The fact that my favorite children’s musician(!) won’t share my instagram posts to his story when I tag him is sad and confusing. This is the biggest issue in my life right now
I need you guys to realize that I don’t like crowds because people’s fart air blows into my mouth
sharing a bed with Malachi (first time)on the cruise: I tried to smack Chris to wake him up and stop snoring, I definitely stuck my fingers in Malachi’s mouth
In Costa Maya (ported from cruise ship) they tried to upsell me under eye cream for FORTY MINUTES to fix the “dark circles” under eyes, but it’s juuust mascara folks. I juuust don’t wash my makeup off and I juuust don’t know how to say “I’m not interested! Don’t bother trying because I’ll only make an excuse about ‘I have to ask my husband before spending $1,500 on skincare, then I’ll never come back!” That’s what I told him and he said “that’s what everyone says and never comes back.” Sad! and I’m still thinking about it 6 days later
I don’t realize how much I depend on looking in the toilet to see the color of my pee (to see if I’m drinking enough) until the toilet water is blue (because of a cleaning tablet). I haven’t see my pee in a week and do I have a uti?? or am I doing a great job drinking??

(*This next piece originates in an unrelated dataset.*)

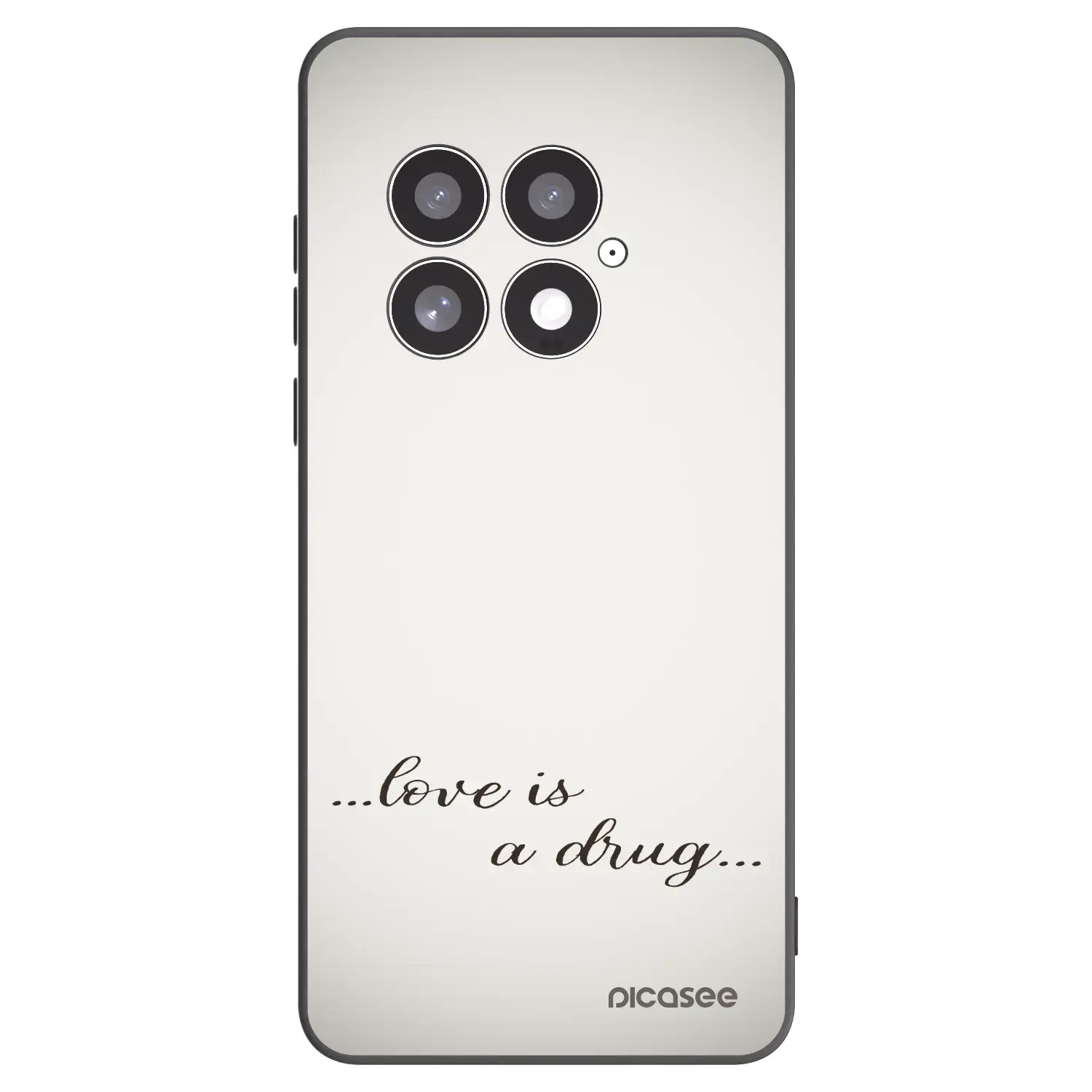 Silikonový černý obal pro OnePlus 13 5G - Love is a drug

I wrote my first fan mail! absolutely GUSHING like a loony to a children’s book author (Nancy Tillman) and she responded to my email. She’s the biggest celebrity in my life right now, this feels like a life highlight. she freakin’ responded to me
(& told me she’s working on another book, & said my note was LOVELY instead of creepy, & my family is beautiful, & to send a kiss to Malachi) I can’t wait to tell him about it when he’s older. Hopefully he’ll care?!
Remember that time I bought fancy nail polish and decided it’s my Pregnancy Polish that I’ll only wear when I get pregnant. But I’m still not pregnant and I wanna wear the nail polish but two people know it’s my Pregnancy Polish so I don’t want to fake them out and also I want to stay strong because it’ll be even better to wear when I’m actually pregnant.
It’s just nail polish, y’all. why am I like this
I realized I might be tickling Malachi tooooo much when he threw up. He just sat still and THREW UP all the way down his front. so we changed clothes and continued play because I’m a cool mom (!?)
(I’m not pregnant, but) the amount of time I spend looking at baby names is wild. After today I have a list of 25 girls and 22 boys. ARE WE EVEN GOING TO HAVE ANOTHER, I DUNNO. DO I NEED TO GET A HOBBY, MAYBE.
Today I remembered when I was in high school I got some hand soap for my (personal) bathroom (in my room that nobody ever used) that I really liked (it had beads) and wanted to make last a long time. So I taped a note on it that said "Only pump this soap on your hands once and no more. Thank you." Then I thought it was funny to sign it "- Staff"
so
dumb
but it worked! nobody pumped my soap on their hands
(because nobody used that bathroom except me)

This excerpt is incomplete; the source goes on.